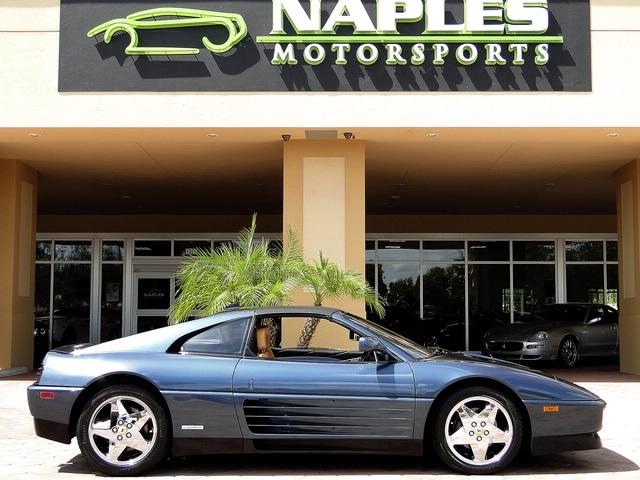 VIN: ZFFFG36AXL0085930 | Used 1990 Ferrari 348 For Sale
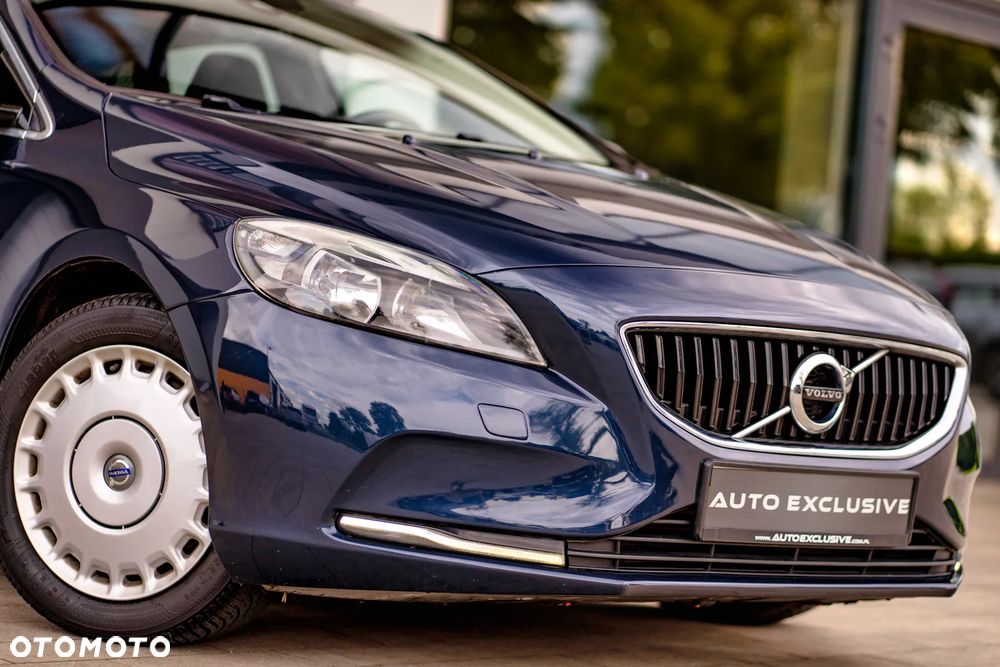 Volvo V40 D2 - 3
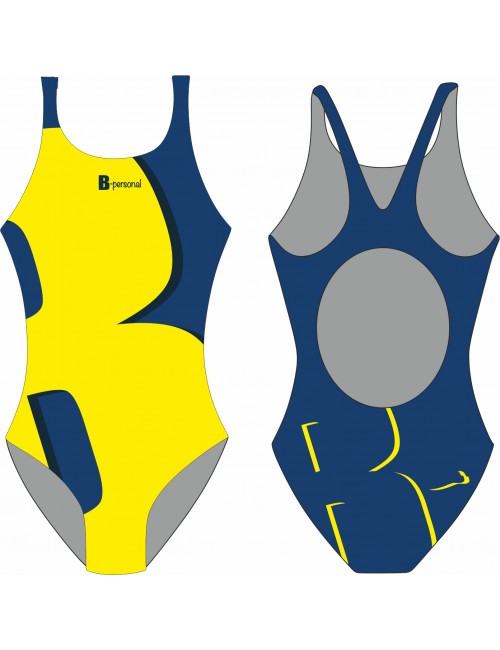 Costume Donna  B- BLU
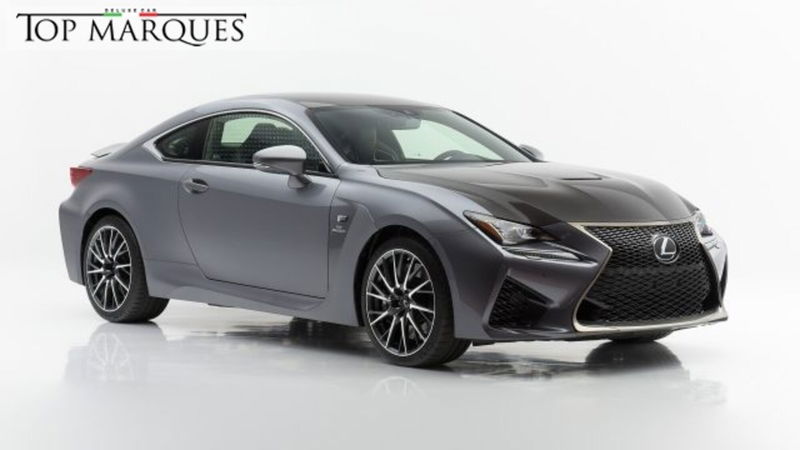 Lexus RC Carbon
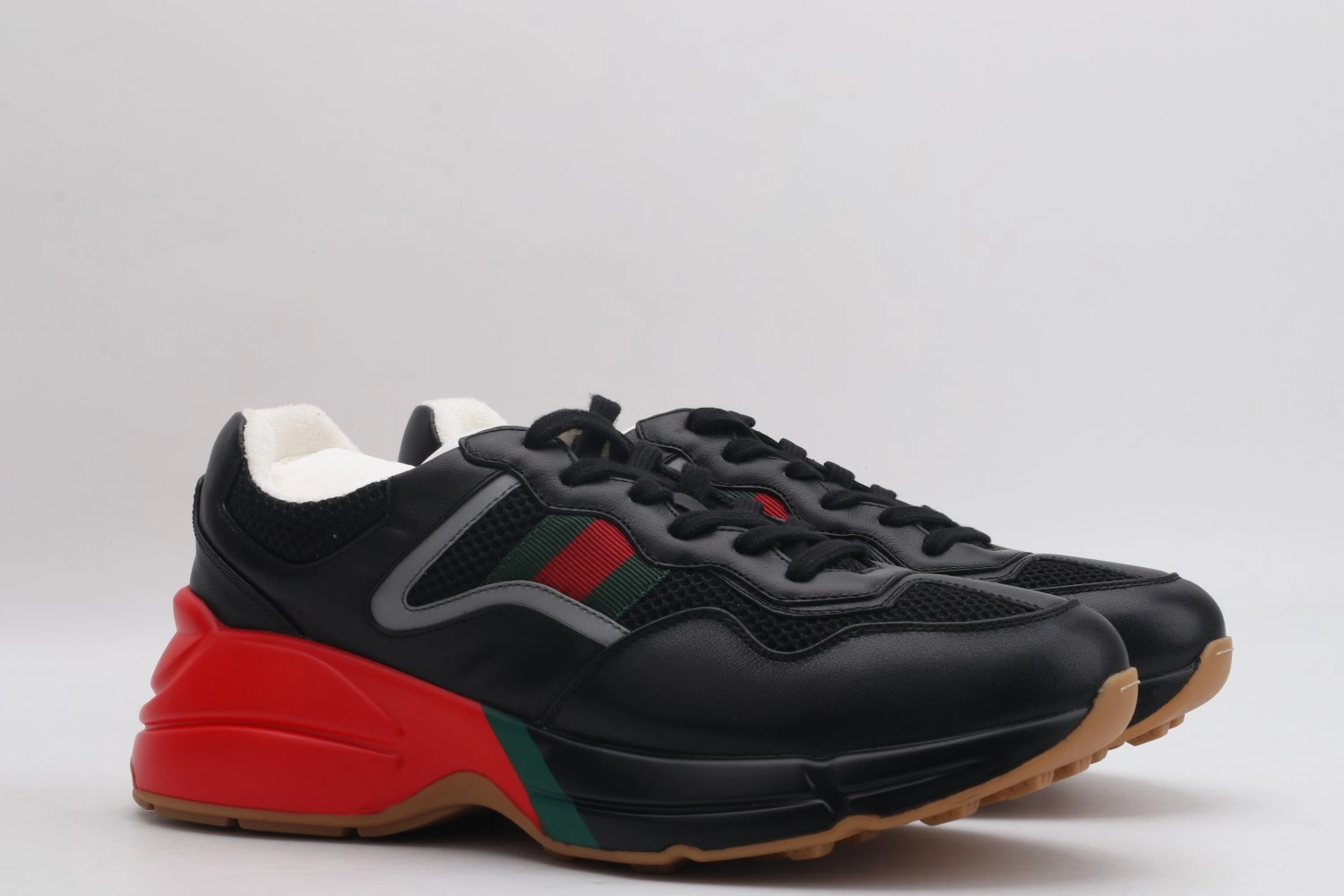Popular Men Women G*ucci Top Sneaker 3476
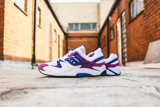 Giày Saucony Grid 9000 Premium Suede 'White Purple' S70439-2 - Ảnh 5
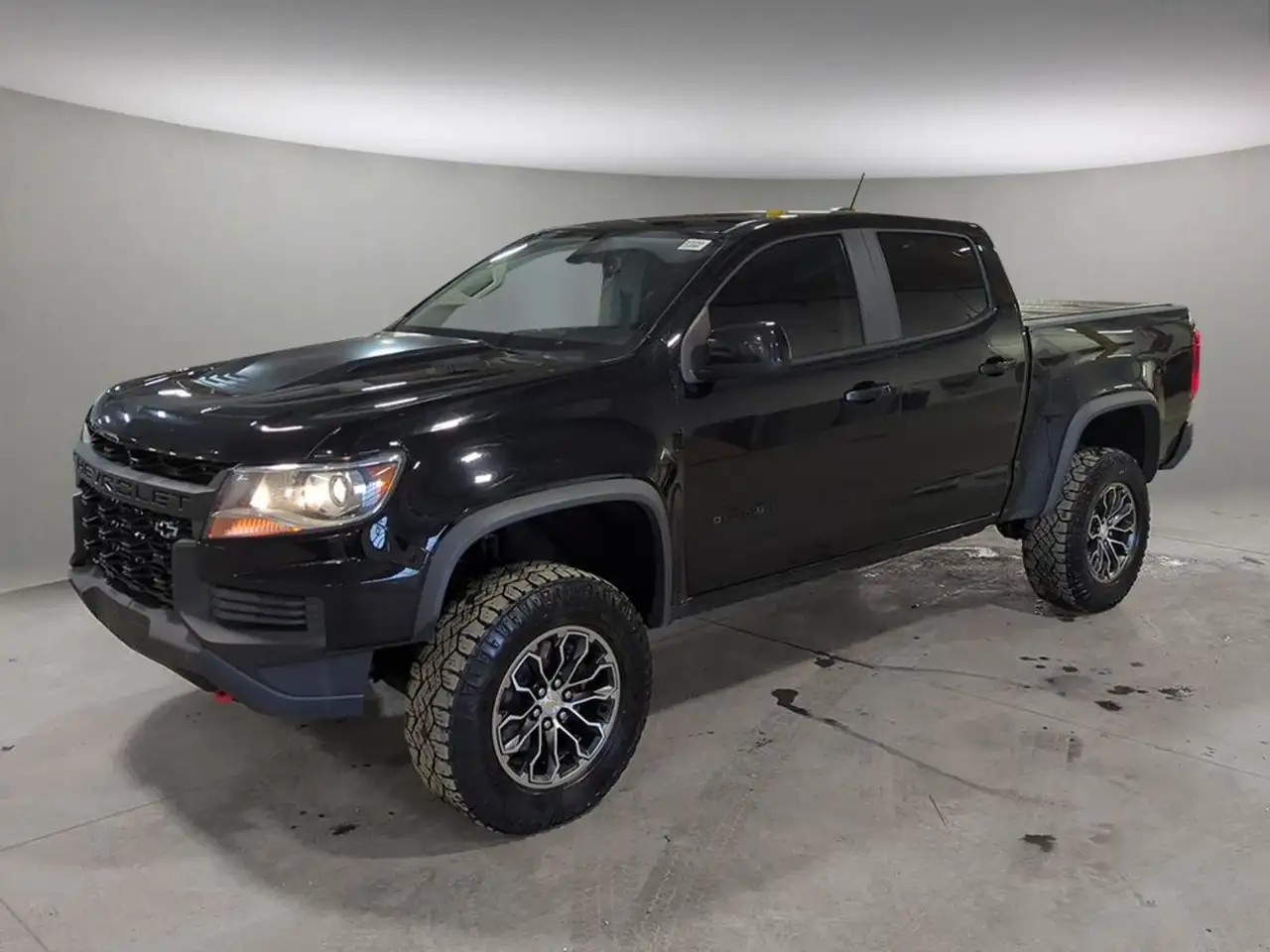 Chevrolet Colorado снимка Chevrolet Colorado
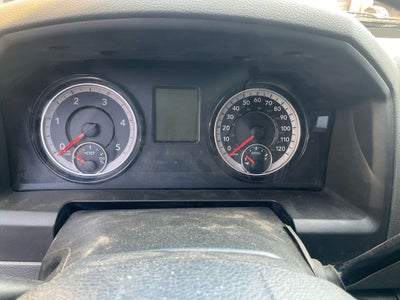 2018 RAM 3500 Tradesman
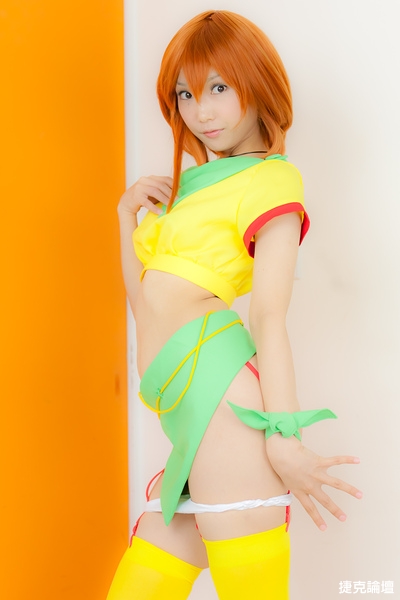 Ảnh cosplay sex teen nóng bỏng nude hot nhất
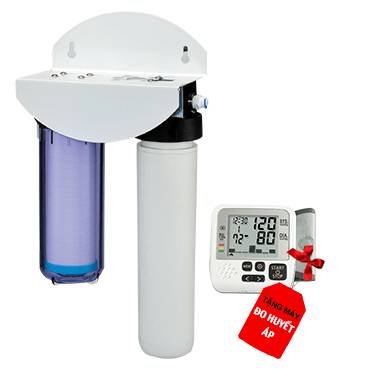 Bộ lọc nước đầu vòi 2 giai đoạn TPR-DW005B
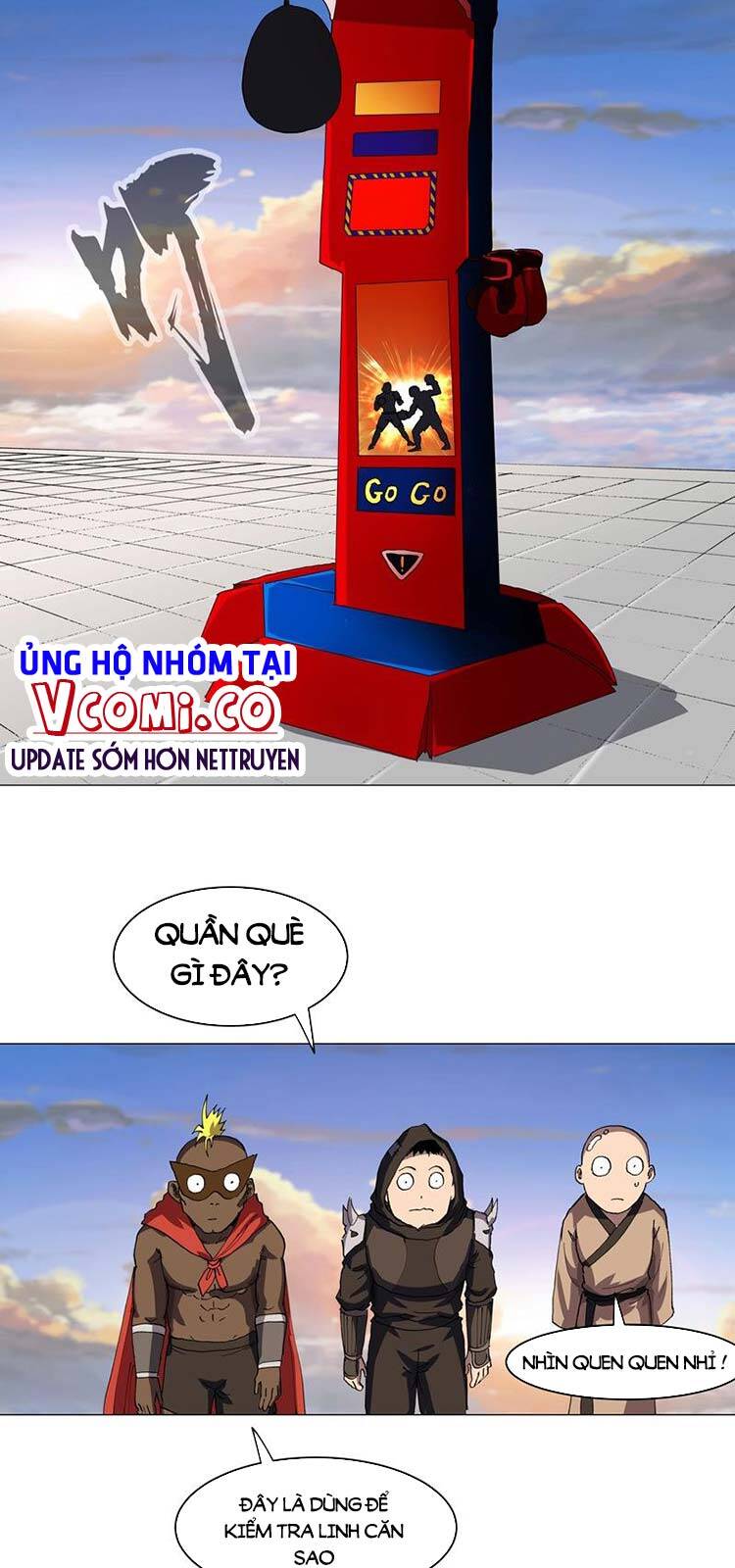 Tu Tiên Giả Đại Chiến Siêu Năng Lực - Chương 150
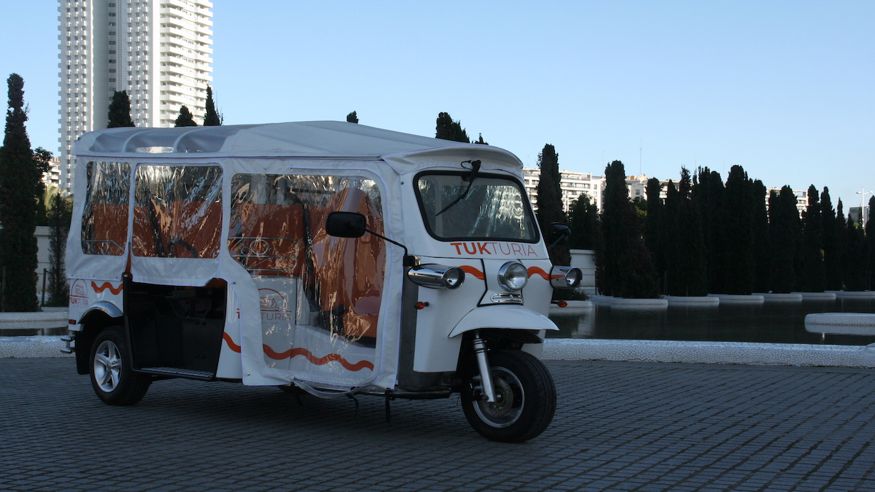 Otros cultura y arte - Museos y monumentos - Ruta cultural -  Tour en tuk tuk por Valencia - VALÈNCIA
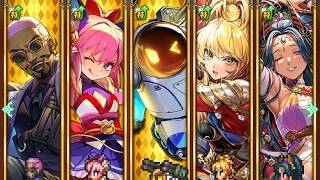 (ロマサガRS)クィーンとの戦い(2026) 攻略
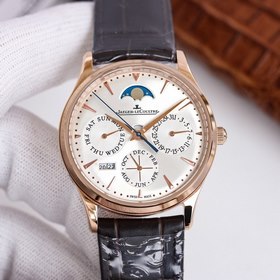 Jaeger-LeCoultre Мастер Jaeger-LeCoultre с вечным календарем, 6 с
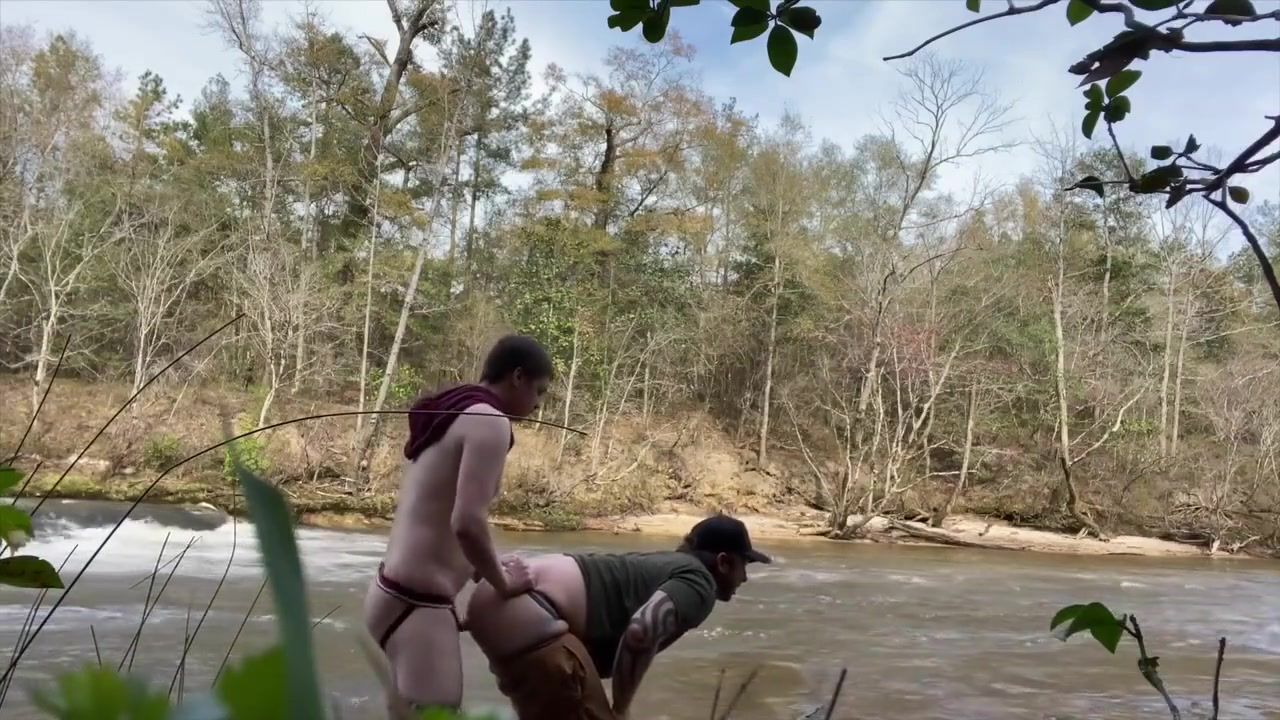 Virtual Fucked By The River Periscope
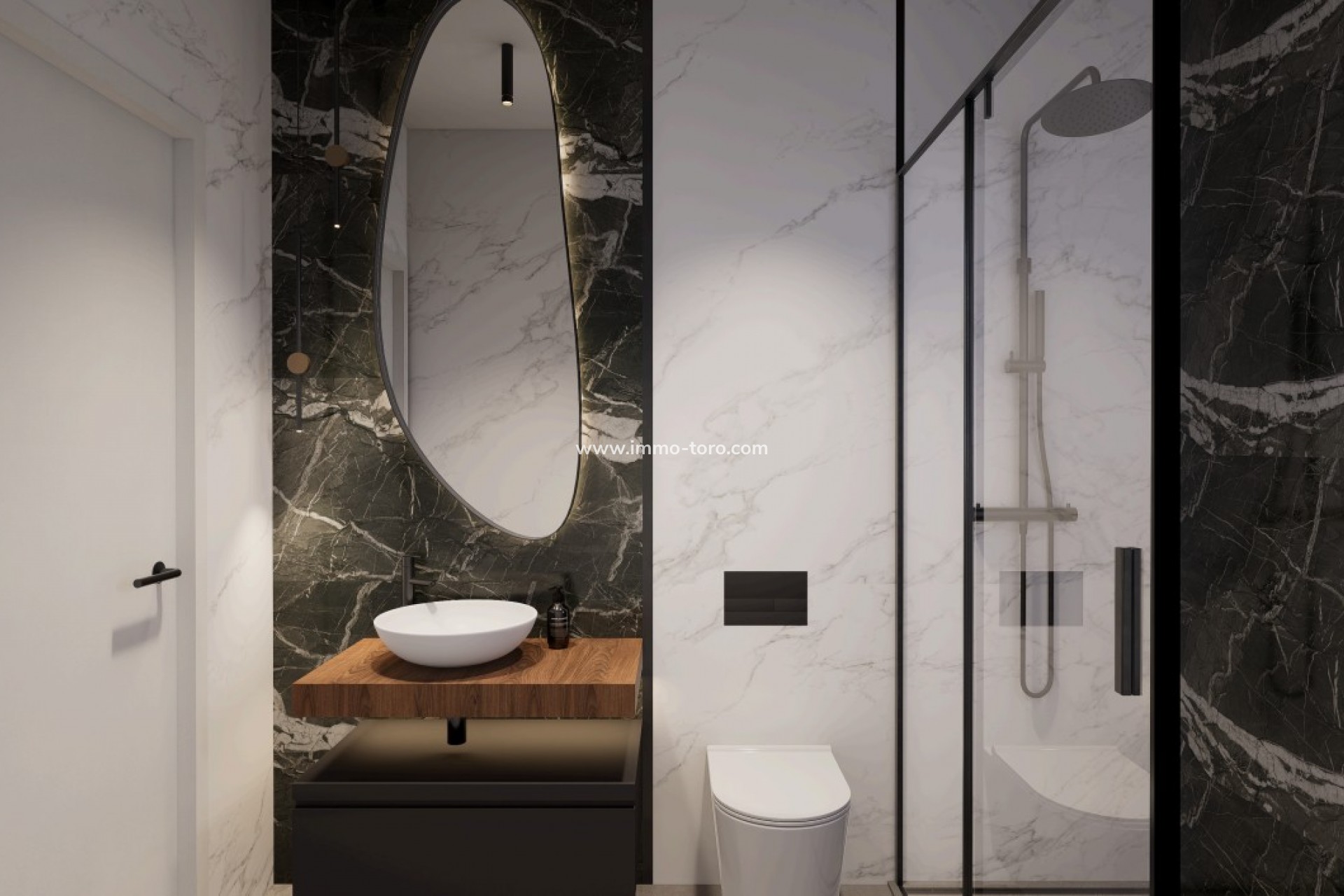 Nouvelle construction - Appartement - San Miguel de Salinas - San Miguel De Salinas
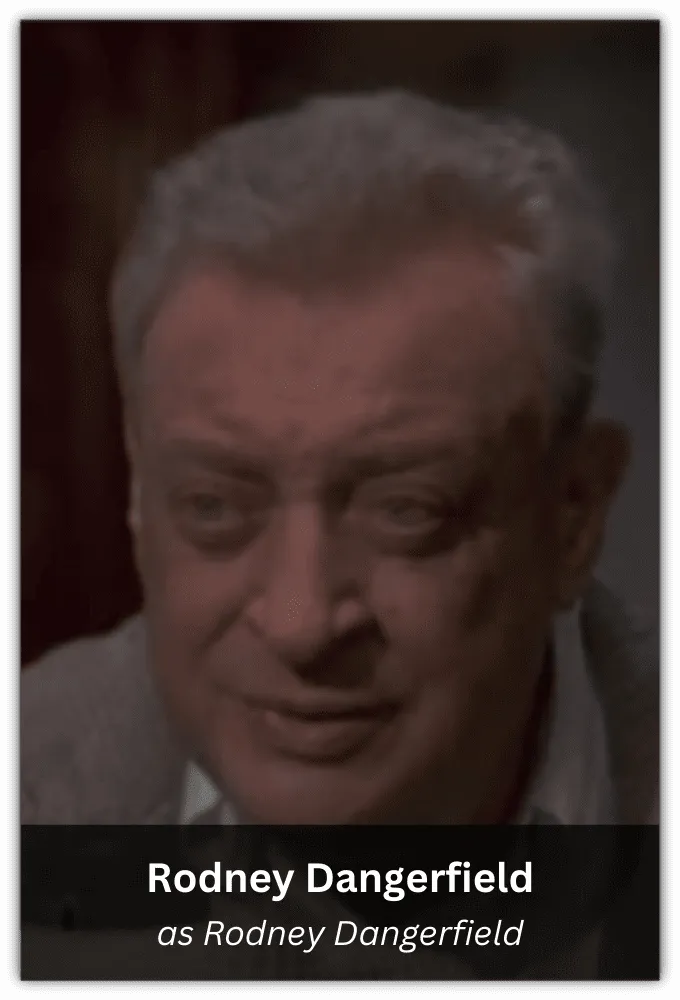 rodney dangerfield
----------------
TASK BRIEF:
To complete this exercise, repeat exactly the lines above from the one holding "Otros cultura y" to the end of the listing, both included, and leave the pictures out.

FINAL ANSWER:
 Otros cultura y arte - Museos y monumentos - Ruta cultural -  Tour en tuk tuk por Valencia - VALÈNCIA
 (ロマサガRS)クィーンとの戦い(2026) 攻略
 Jaeger-LeCoultre Мастер Jaeger-LeCoultre с вечным календарем, 6 с
 Virtual Fucked By The River Periscope
 Nouvelle construction - Appartement - San Miguel de Salinas - San Miguel De Salinas
 rodney dangerfield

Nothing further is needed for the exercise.